**DATA EXTRACTS**

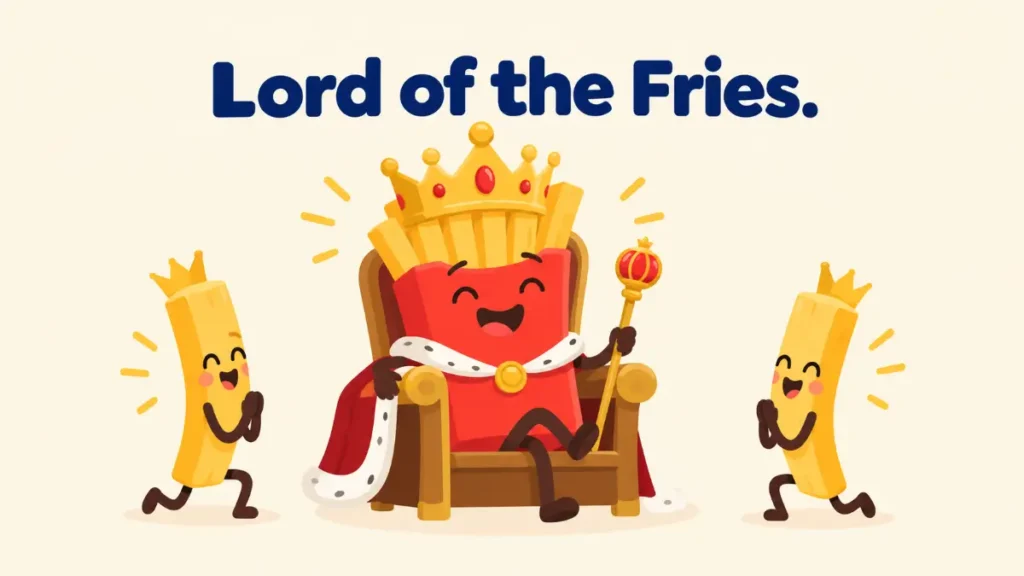 lord-of-the-fries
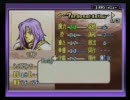 買い物禁止縛り　ファイアーエムブレム聖魔の光石実況プレイ最終回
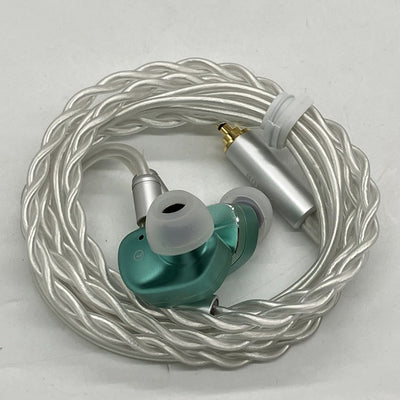 【中古】Cloud シアン（2.5mm）【秋葉原】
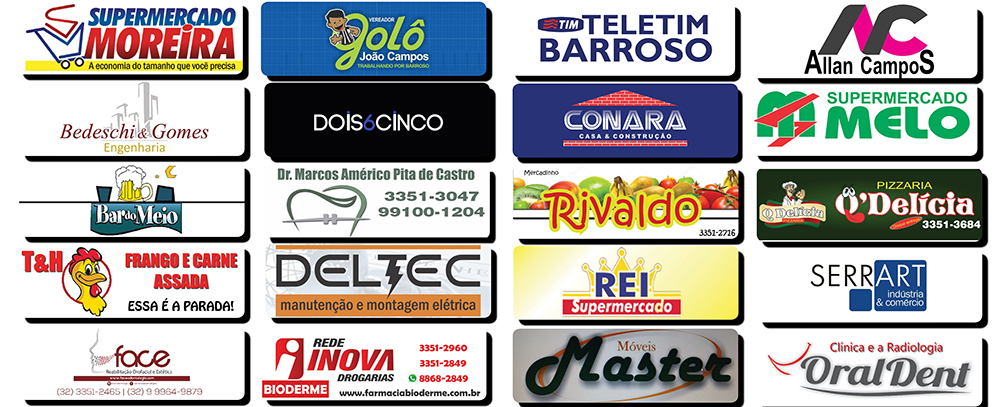 BANNER-SITE-2018-1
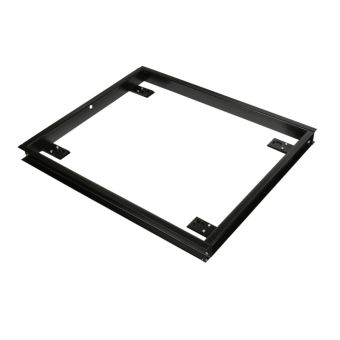 картинка Весы платформенные с печатью этикеток 4D-PM-10/10_RP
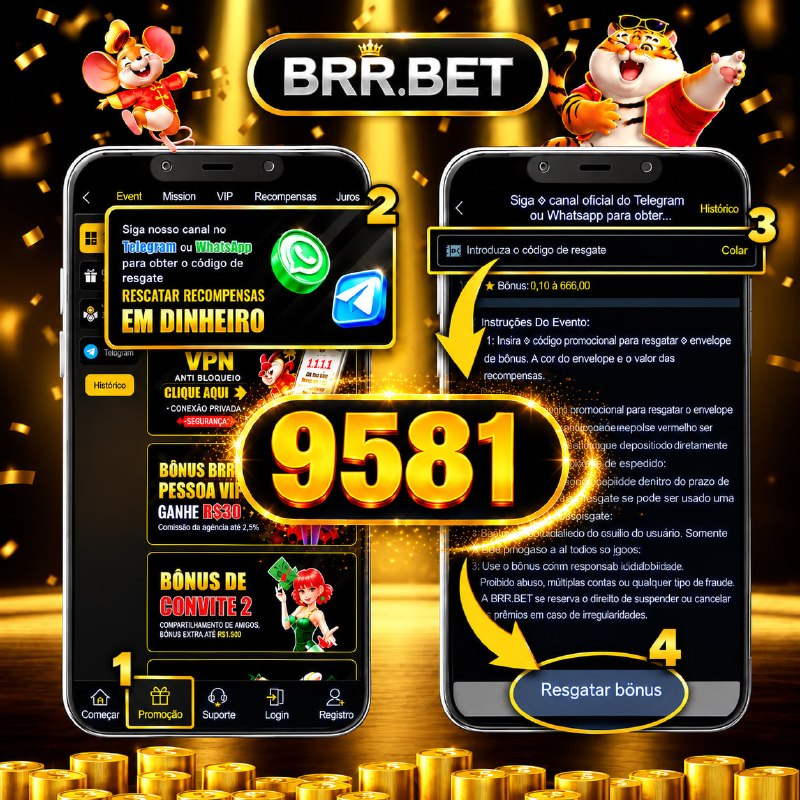 Иллюстрация к посту канала BRR.BET Official 😍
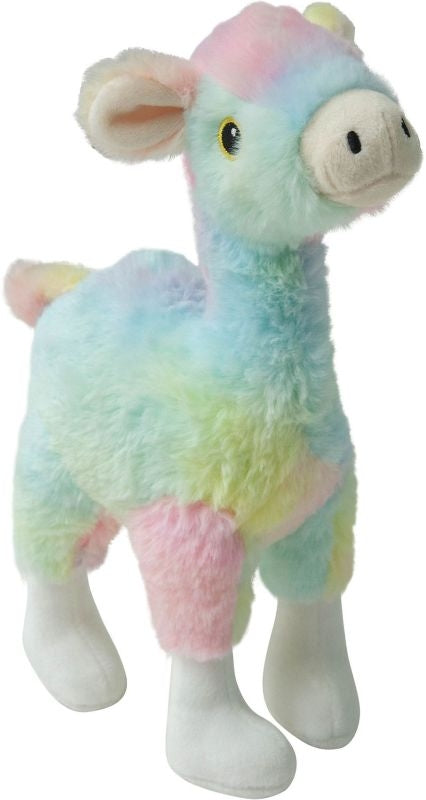 Snugarooz Ally The Alpaca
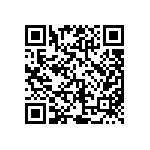 CRM2010-FZ-R050ELF QRCode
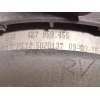 Recambio de electroventilador para audi allroad quattro (4b5) 2.5 tdi (132kw) referencia OEM IAM 4Z7959455  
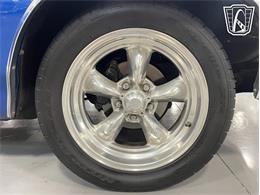 1972 Chevrolet Chevelle (CC-2066527) for sale in New Braundfels, Texas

**WHAT THIS TASK INVOLVES**
Print the material above exactly as it appears, but not its pictures.

**SOLUTION**
 lord-of-the-fries
 買い物禁止縛り　ファイアーエムブレム聖魔の光石実況プレイ最終回
 【中古】Cloud シアン（2.5mm）【秋葉原】
 BANNER-SITE-2018-1
 картинка Весы платформенные с печатью этикеток 4D-PM-10/10_RP
 Иллюстрация к посту канала BRR.BET Official 😍
 Snugarooz Ally The Alpaca
 CRM2010-FZ-R050ELF QRCode
 Recambio de electroventilador para audi allroad quattro (4b5) 2.5 tdi (132kw) referencia OEM IAM 4Z7959455  
 1972 Chevrolet Chevelle (CC-2066527) for sale in New Braundfels, Texas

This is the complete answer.